TASK DIRECTIONS ▸ Word-for-word repetition of the records below is needed, but only from the line holding "24SS SUPREME DUCATI TRACK PANTナイロンパンツ" through the final line, with pictures excluded.

BEGIN INPUT RECORDS

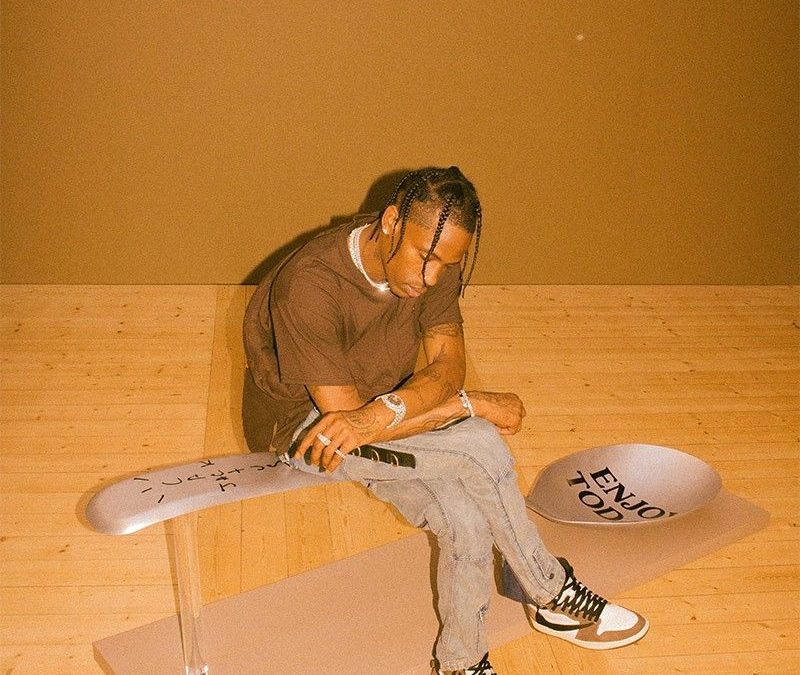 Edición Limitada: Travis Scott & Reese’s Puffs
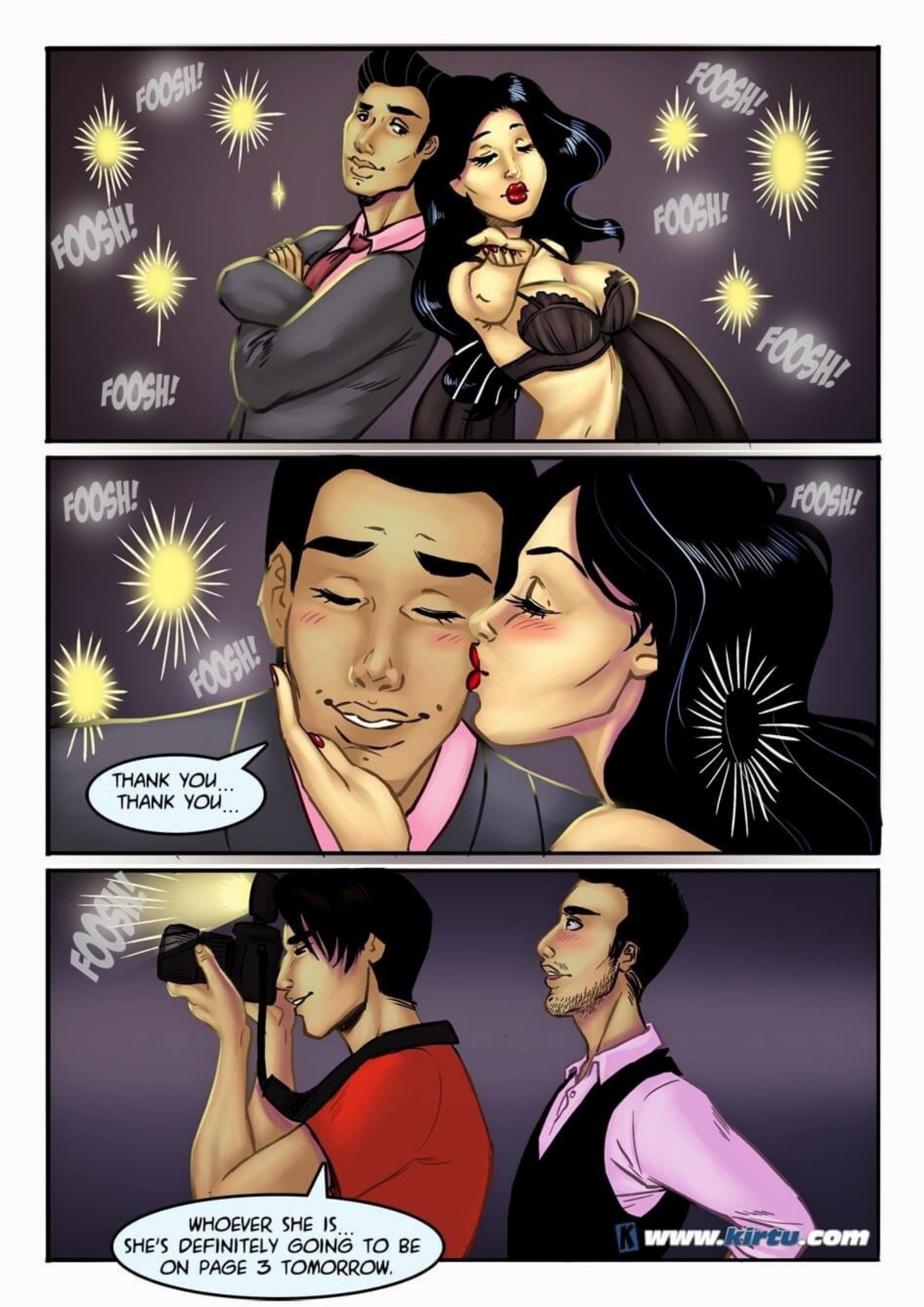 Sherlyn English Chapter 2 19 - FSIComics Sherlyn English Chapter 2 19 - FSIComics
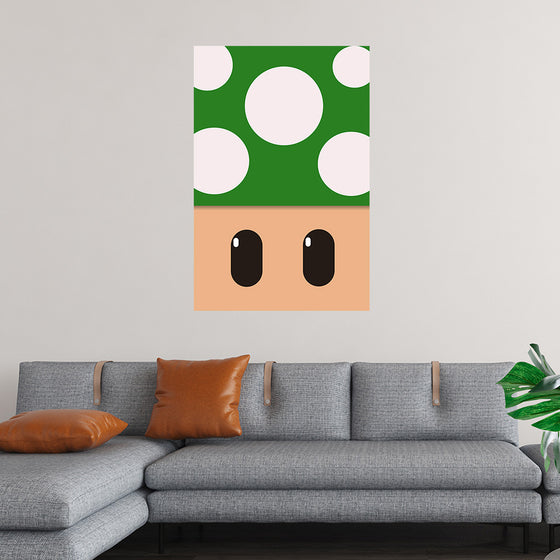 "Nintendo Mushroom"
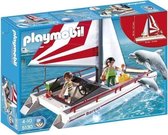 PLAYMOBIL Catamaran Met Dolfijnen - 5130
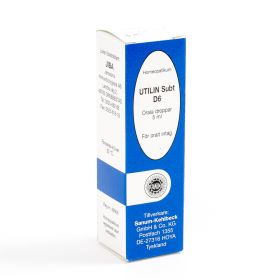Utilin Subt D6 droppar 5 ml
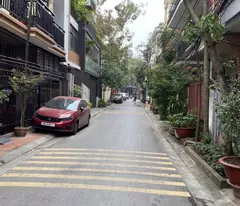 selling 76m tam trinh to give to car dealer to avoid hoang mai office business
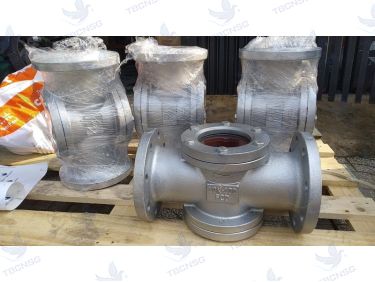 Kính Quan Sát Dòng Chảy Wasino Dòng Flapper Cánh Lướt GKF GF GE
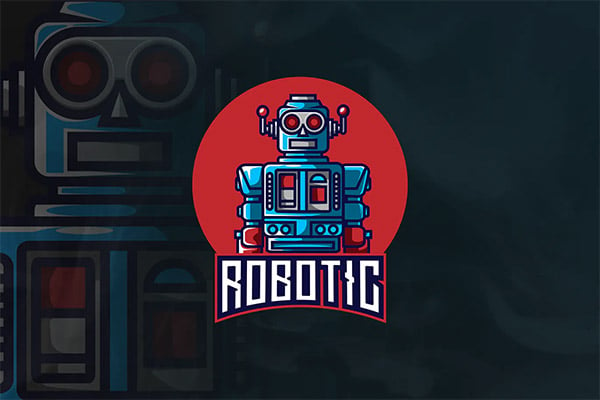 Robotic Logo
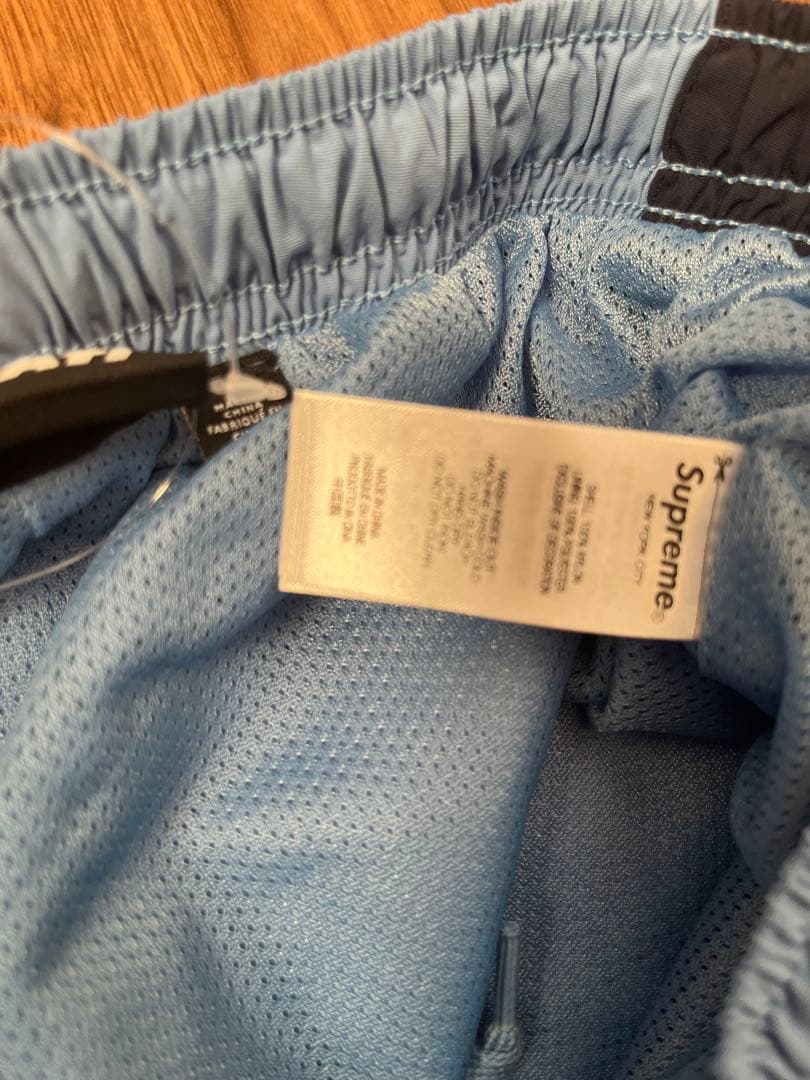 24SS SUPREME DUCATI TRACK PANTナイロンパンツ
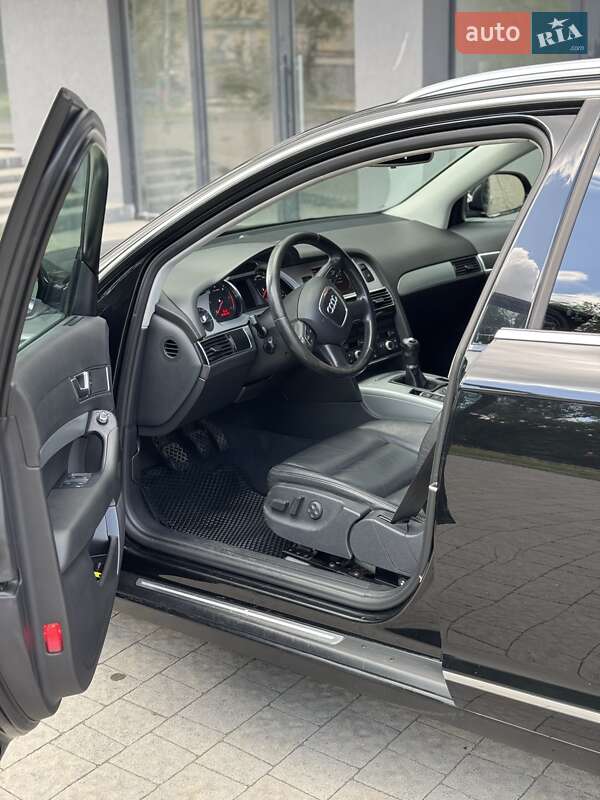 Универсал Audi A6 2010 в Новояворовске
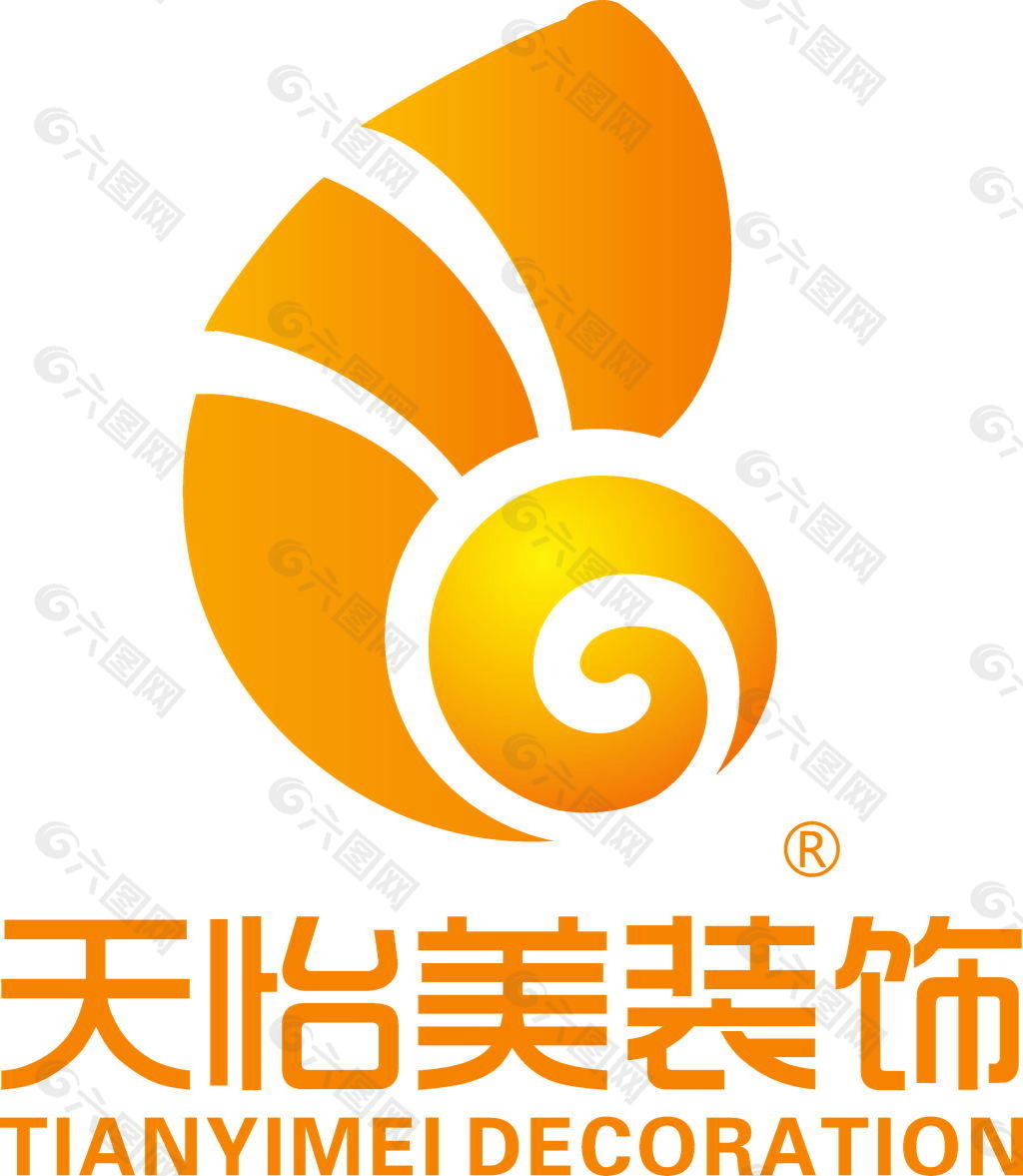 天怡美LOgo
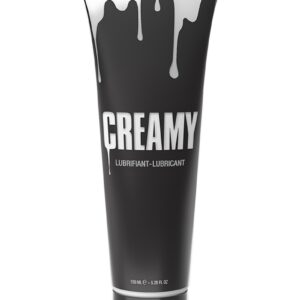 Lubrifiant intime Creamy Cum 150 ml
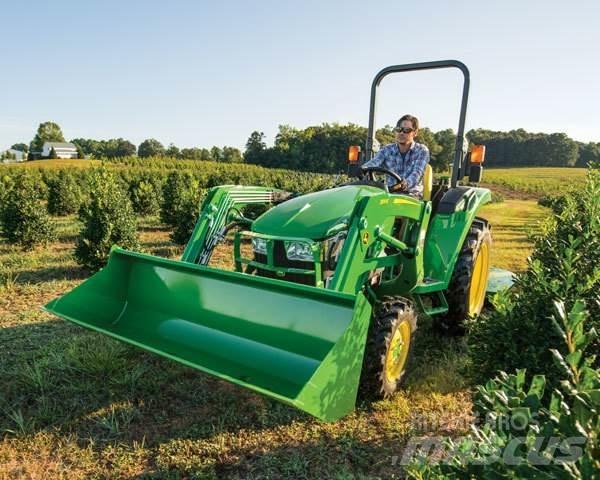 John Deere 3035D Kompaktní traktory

END INPUT RECORDS

RESULT OF THE EXERCISE ▸
 24SS SUPREME DUCATI TRACK PANTナイロンパンツ
 Универсал Audi A6 2010 в Новояворовске
 天怡美LOgo
 Lubrifiant intime Creamy Cum 150 ml
 John Deere 3035D Kompaktní traktory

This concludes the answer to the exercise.